I learn that the Confederate troops are rallying again at Travisville, with the intention of attacking us. From the best information, they cannot muster a force exceeding 1,150. Last night at 9 o'clock our picket guards were fired upon by a party of seven persons within 3 miles of the camp; they returned the fire, with what effect I have not ascertained. None of ours were injured that I know of, though one of the picket has not yet come up. I have ordered a detachment of fifty cavalry to scout the whole country in the neighborhood of the beat at which the pickets were stationed, as also that in which the absent picket was stationed.

Very respectfully, your obedient servant,
W. A. Hoskins,
Commanding Post.

Brigadier General Thomas' reply dated October 29, 1861:

I learn that they have also a body of cavalry stationed at Travisville, numbering 1,200, which of course will join their main force at Albany, making in the aggregate 4,400. I have no fears from an attack should it come from the direction of the main road leading from Monticello, but apprehend that they may attempt to flank us by crossing lower down the river.

Respectfully, &c.,
Geo.

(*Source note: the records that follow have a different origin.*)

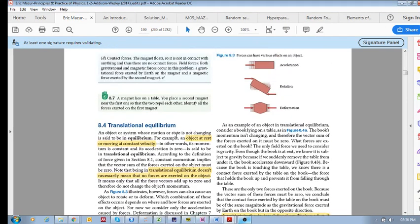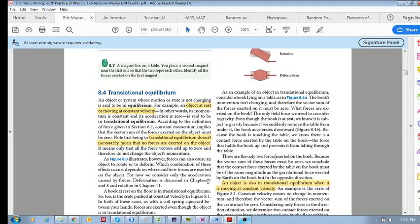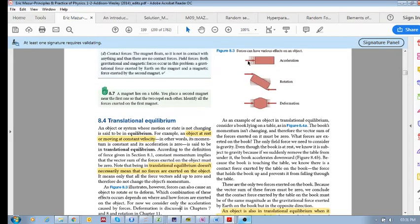These pictures show that forces can have different effects on an object. A resultant force can accelerate the object, forces can rotate an object, and forces can deform an object. Deformation was covered in chapter 7, rotation is covered later in chapter 11, and in this chapter we look at the acceleration of an object.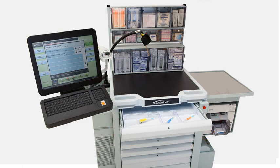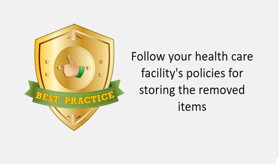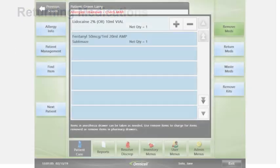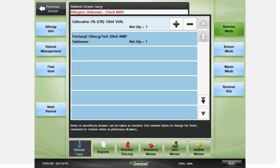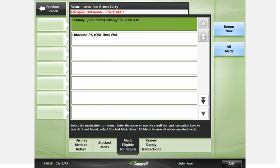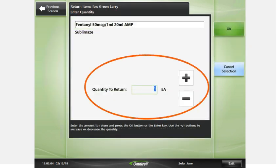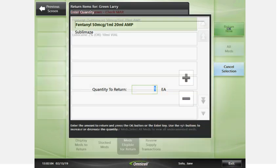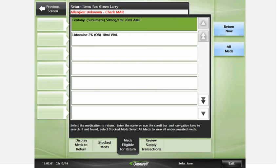If you do not have an anesthesia work drawer, follow your health care facility's policies for storing the removed items. You may return items not used in the case two ways. For narcotic medications, start from the patient screen and touch the Return Meds button. The meds eligible for return list displays, showing all meds you have removed for that patient. Touch the item in the list to view or modify the quantity to return. The return quantity is auto-populated with a quantity of 1. Make any changes and press OK. Select the medication or medications from the list and touch Return Now.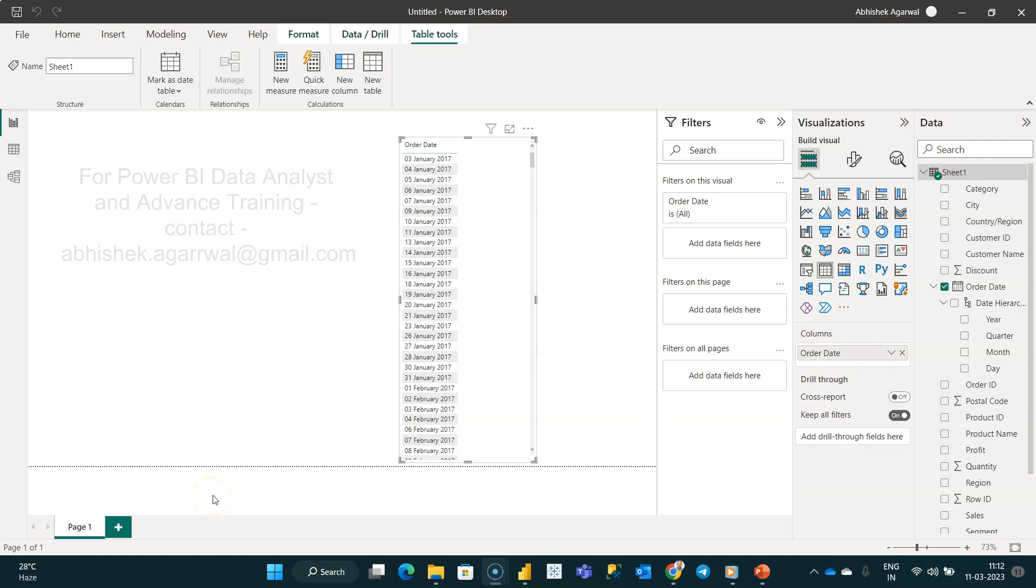Hello and welcome to the new Power BI tutorial video. In this Power BI tutorial video, I want to show you a quick hack with which you can change the date formatting in whatever format that you want.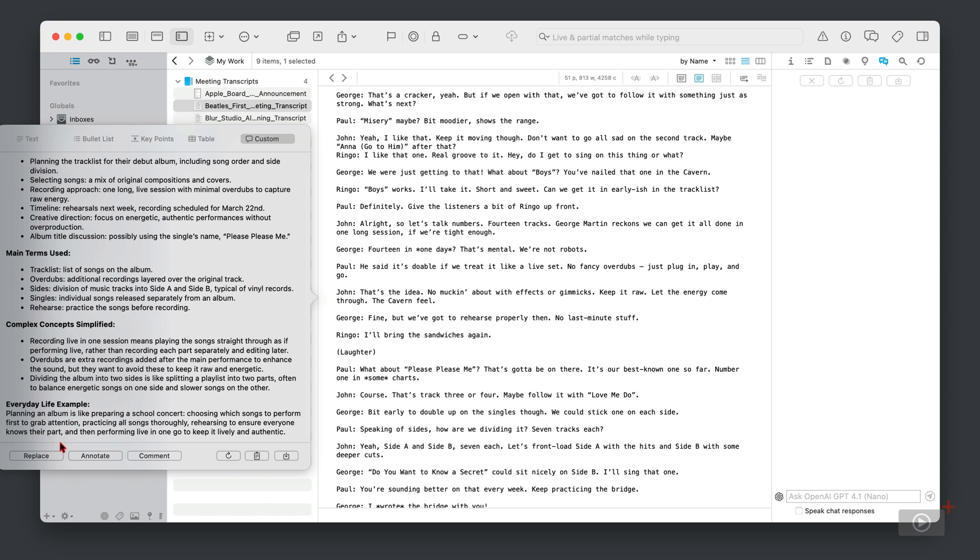So once you have your summary, what can you do with it? Well, you can replace the transcript with this. Now I don't want to do that. We can add the summary as an annotation to the file, and we are going to look at this shortly. And then here we can add it as a comment. These are two definite viable options. Then on the right we have our usual suspects of reloading the prompt, we can copy this particular summary, and we can save it to a file as well.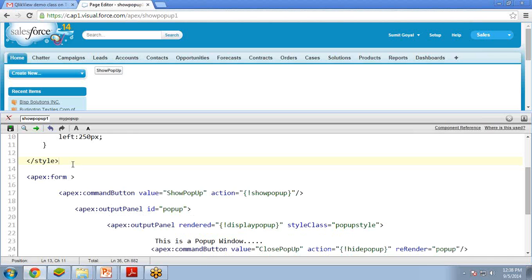This is how to implement the functionality — this is how to use a custom controller in Visualforce. That's all for this video. I will be coming up with more new topics and videos on Visualforce. I hope you are liking my videos — till then, goodbye, see you soon.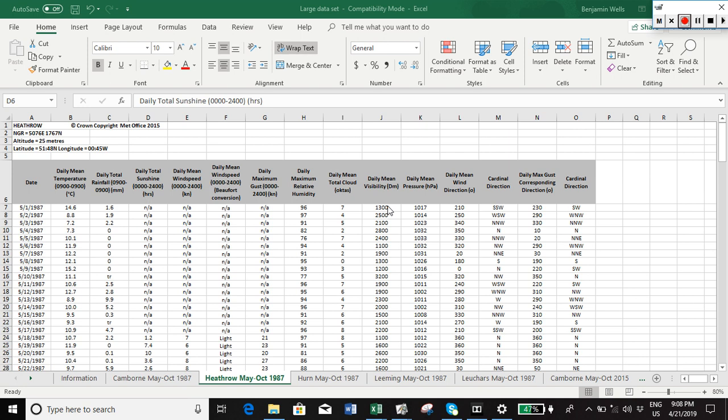Okay, so we're going to clean up some data here, and we're going to clean up data for Heathrow. Let's suppose we want to do something with the total rainfall and total sunshine.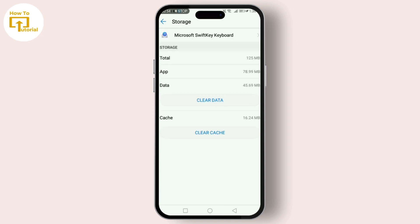On a Samsung mobile, you'll need to go to Samsung Keyboard. And just like that, your recently used emojis are cleared, giving you a clean slate to start with. It's a handy trick to keep your emoji keyboard neat or protect your privacy.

H. Thomas, Brig.-Gen., U. S. Volunteers, Commanding.

Forney's last child was born a few months after he enlisted. He named that son Thomas HOSKINS Davis after Col. William A. Hoskins.

Forney J. Davis died November 30th, 1862 of disease contracted during his service. His burial place is unknown.


1 comment:

  1. It is always great to bring a story to an ancestors life and giving meaning to their service.